This year, on this day, November 19th, Philip would have turned seventy-three. Seventy-three—an age hard to fathom from where I sit so uncomfortably near to it. How did we get this old? I’m five years younger than Philip and have become accustomed to my sixties. But seventies? Isn’t that an undeniable border-crossing? A first step beyond middle-aged?
In my inner images of Philip, the man I carry gently tucked into the corners of my soul, he is forever young. The vulnerable man-child who, at our first encounter, reached for me, pulled me into his arms, and whispered, “Ahh, it’s you.” The rapscallion charmer who toasted me with a wink at our picnic wedding, acting more like a flirt on a pickup than a bridegroom. The whimsical dreamer, ever walking us into our next adventure.

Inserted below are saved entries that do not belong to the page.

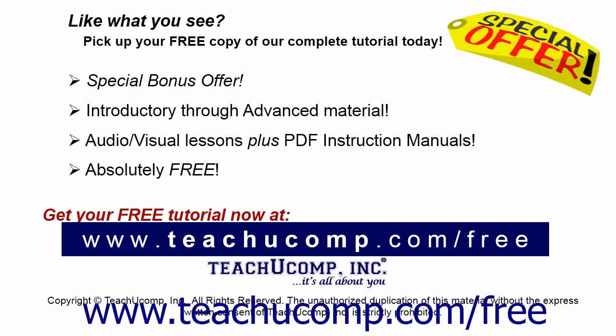Like what you see? Pick up your free copy of the complete tutorial at www.teachucomp.com/free.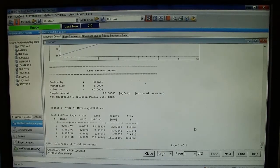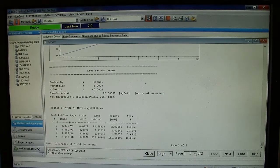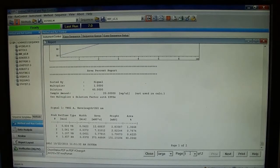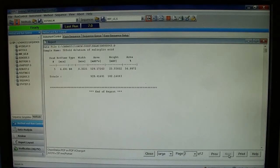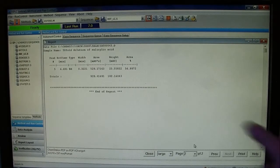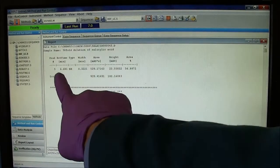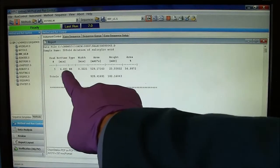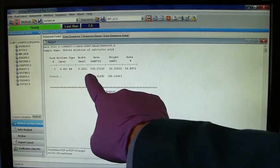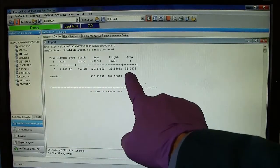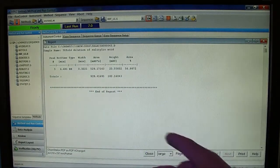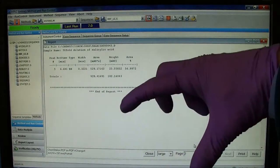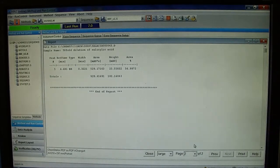There will be a second page that shows the contamination coming out late in the gradient. It's actually a large area, that broad peak there.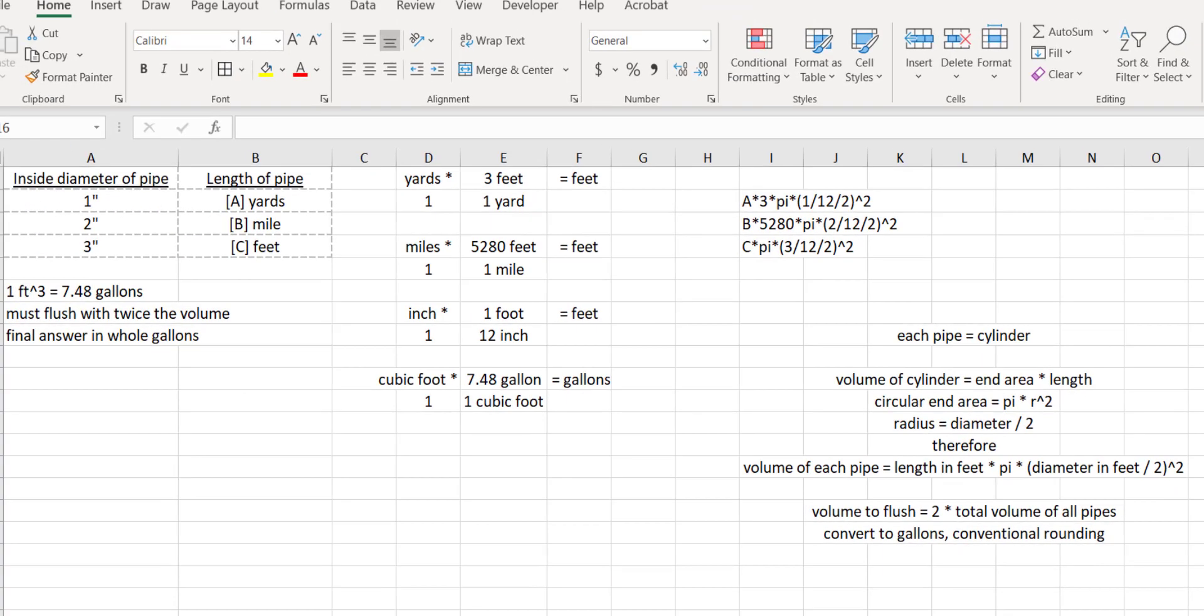You can let the machine go out to 10, 12, 14 decimal places if it needs to and it'll keep track of all that for you. And then you just use the conversion framework to change from cubic feet to gallons. Use conventional rounding to get to the nearest whole gallon and you've got the amount that you need to flush the pipe system with. Simple as that.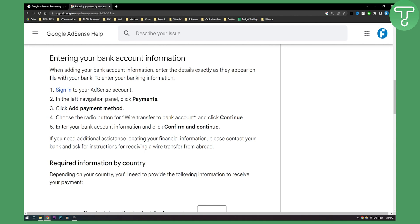So that's basically how you can withdraw money from Google AdSense account to your bank account. If you have any other questions or want to see more tutorials on Google AdSense, then definitely comment down below and we'll see you in the next upcoming video.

“We carry within us the wonders we seek without us.” I read this quote from Thomas Brown (in Mark Nepo, The Book of Awakening. 2000, 2020) and thought of Philip’s never-ending longing for his place on the planet. Was he mistaking the wonders without for those within? Do we ever find home? Is there some coordinate on a map where we belong, where we finally inhale reflected recognition and exhale a resounding relief? Ahh … here it is. We are home.
But must we accept that the inward turn is the only way to go (or stay)? Might there be another way or a combination of ways for some to attain the inner life? Would Philip ever have been able to nest, to settle into a physical place? Or was he bound to wander, to seek? He who otherwise spoke and wrote incessantly of the longings of the soul for the inward-facing life. He who chose to walk slowly so to be with a place. He who–rather than explore the tourist sites of a new town, preferred to sit on the city’s riverbank, savoring a ripe peach, and, from a contemplative distance, view an ancient cathedral.

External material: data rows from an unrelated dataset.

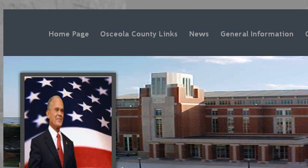Our top-ranked site to learn about Wire Transfer Clerk Responsibilities is OsceolaClerk.com, specifically the page titled Osceola County Clerk. Here's the link.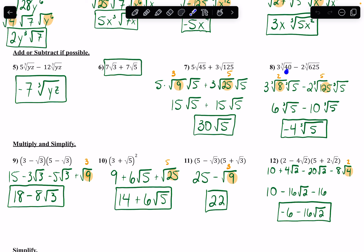And the same thing with number 8. Split 40 into 8 and 5 — the biggest cube root that divides 40 evenly — and then 125 and 5. The 3 out in front times 2 (the cube root of 8) gives me 6. And here, 2 times the cube root of 125 is 5, gives me 10. Now they're the same — both cube roots, both 5s — so I combine those coefficients. The 6 and the negative 10 gets me to negative 4.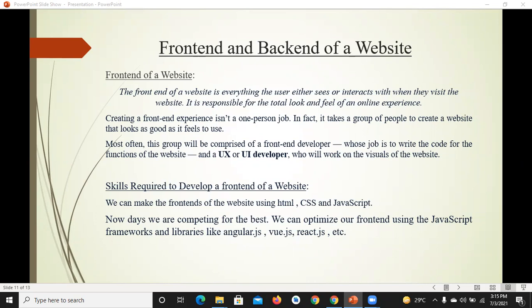Welcome to lecture number one of module one of MERN stack bootcamp series. This lecture will discuss the front end of a website — it is everything the user either sees or interacts with when they visit the website. It is responsible for the total look and feel of an online experience.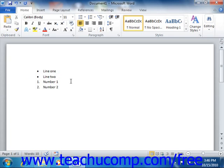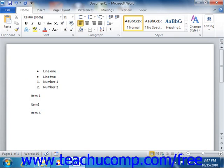Another common way to apply bullets or numbering is to start typing your list first. Then click and drag over the line items within the list in order to select the text that you want to set as a bulleted or numbered list.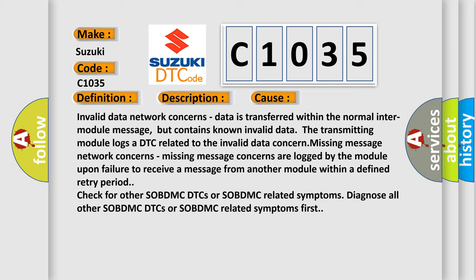Missing message network concerns: missing message concerns are logged by the module upon failure to receive a message from another module within a defined retry period. Check for other SOBDMC DTCs or SOBDMC-related symptoms. Diagnose all other SOBDMC DTCs or SOBDMC-related symptoms first.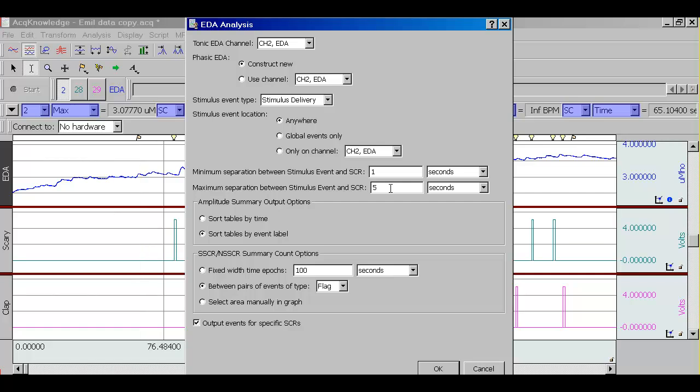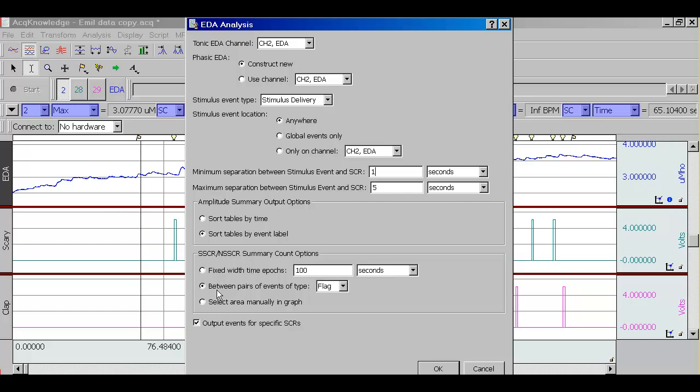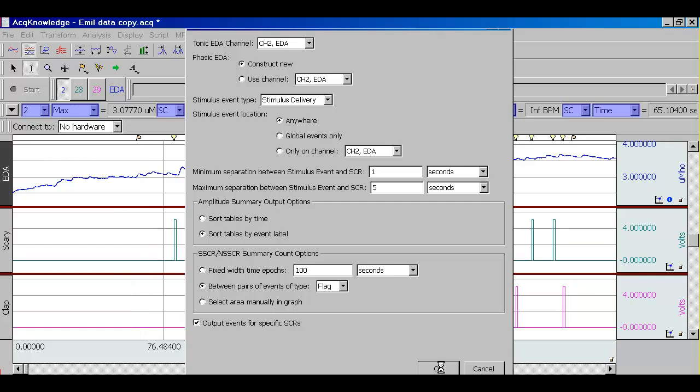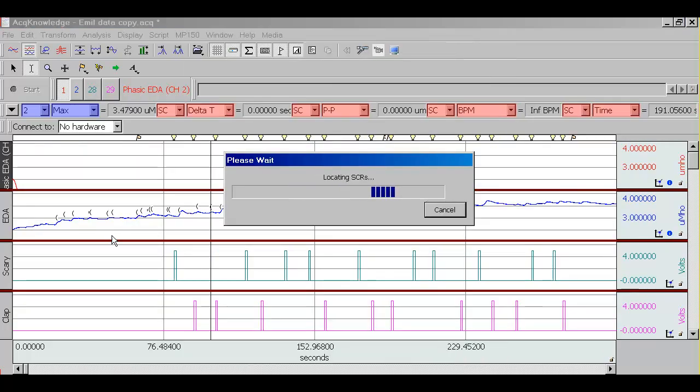The software will score the electrodermal activity data and provide you with two types of skin conductance events: specific and non-specific. The specific ones are those events that have been above the specific threshold that you set in the preferences and also within a certain time interval following the stimulus presentation. Non-specific skin conductance events will be all the other events. In addition to marking these events and obtaining data for their amplitude, rise time, latency, etc., we'll be able to obtain data between pairs of events that mark different experimental conditions. This will allow us to look at the frequency of specific and non-specific skin conductance events within each condition of the experiment.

Were his wonders solely within? He was also inclined to pack up his picnic, catch the next train, map out the route to the next destination, hail the next boat-taxi. He sat in the prow of the boats we took on Lake Atitlan in Guatemala like a happy dog with his ears flapping back in the wind, scenting and anticipating what was to come in the next port.

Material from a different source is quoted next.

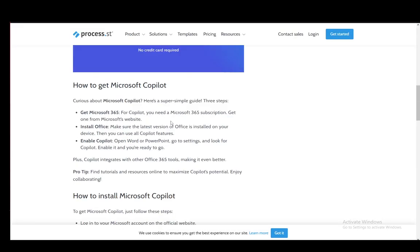Hey everybody, what is going on? I hope you guys are all doing well and welcome to another tutorial video. In this video, I'll be explaining how you can get Microsoft Copilot for Microsoft Outlook, so let's get right into it.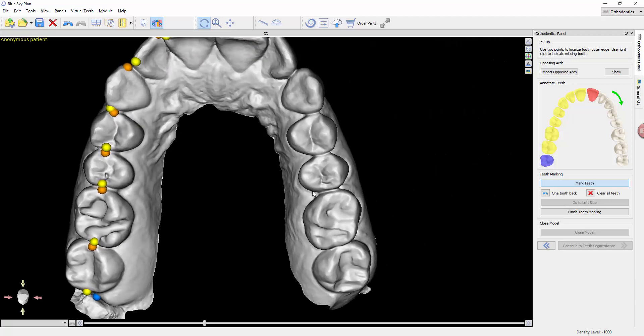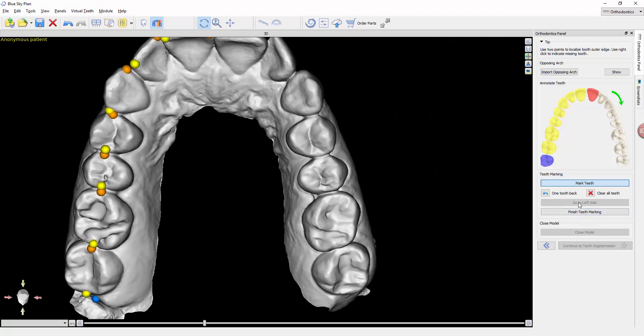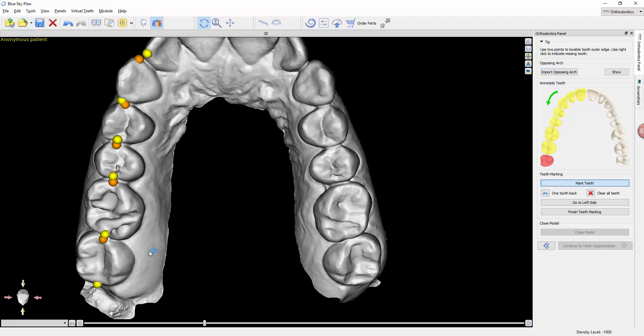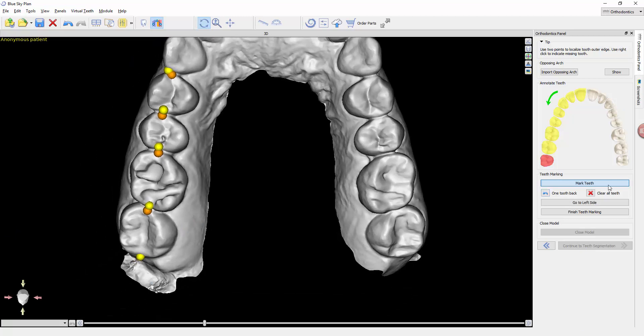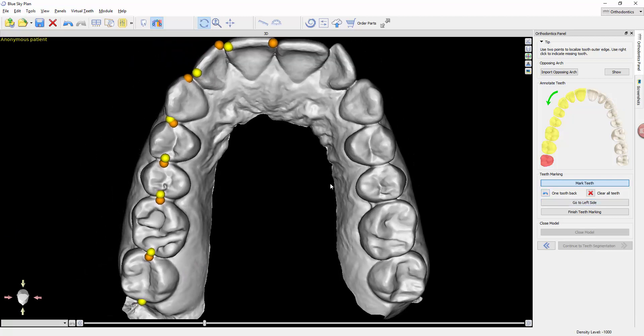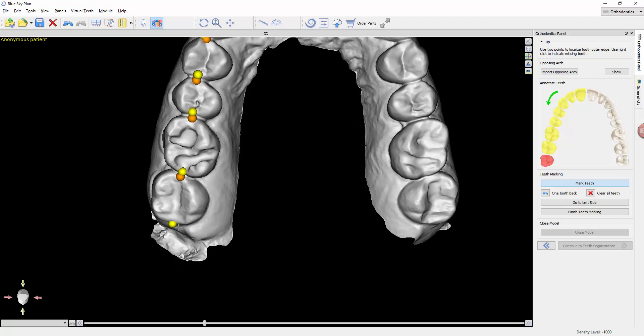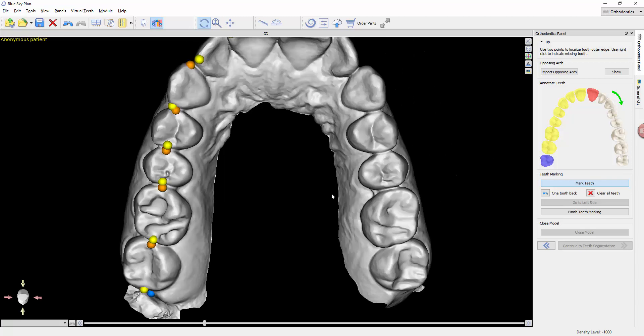For instance, let's go to this side. We don't have a wisdom tooth, we need to tell it to go to the left side. If we've marked the wisdom tooth, there's no more teeth to mark, so it's going to automatically advance us to the next left side.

Was this impossibly contradictory soul happiest when he was on his way to the next possibility? A nomad, a gypsy? The one who takes to the road to find himself and his solace. Is it an absolute that salvation lies only in a turning within? Or are some of us destined to traverse a more roving, a more transient path on our way to that inner home?
Perhaps, we should have invested in a gypsy caravan (a small RV? A houseboat?) and spent our years wandering. Maybe it would have been a life of staying only long enough to imbibe the beauty and awe of a place, traveling with John Ruskin’s two aims for art: to find beauty in the particularity of each locale and/or to make sense of pain. Our vagabond life—a work of art.
In our simple rolling or floating home, we might, ironically, have found our ground in movement, in flow. Rather than seeking the one place to settle, perhaps, we were more akin to the traveler, Levison Wood, who feared that “getting stuck in one place meant a loss of momentum and with that the prospect of getting stuck in one narrative…” (An Arabian Journey, 2018). Possibly, had we shifted our narrative, no longer seeking a singular home, we might have found more satisfaction in the unsettled, more fluid way of life we’d unwittingly adopted. Perhaps, a narrative embracing a life on the road or the water would have allowed us to build our inward home, one we would furnish with all the splendors and sorrows of the wide world. In many ways, we’d already done this. Yet, the story of finding our place on the planet may have blinded us to an alternative way to see it. How powerful–these stories we tell ourselves. These tales we live by.

Mark Nepo says, “Seeking in the world has always been a way to mirror … where we need to work inwardly.” Perhaps, our way home would have been worked in flux, in search. Possibly, it was a multifaceted narrative, one of external change and diversity—mirroring back an interior journey rather than a settled existence.
Nepo quotes Saint Francis as saying, “You are that which you are seeking.” Maybe Philip was a seeker mistakenly looking for a place to settle. What he was seeking was the beauty that would ease his pain. Perhaps, a beauty that could not be held still or planted in one spot.

So, my wanderer, my gypsy soulmate, on your Birthday, wherever you roam and wherever you rest, I wish you love. I send you all the love I have found to furnish my inmost home in this time when I’m still here … and you have gone on.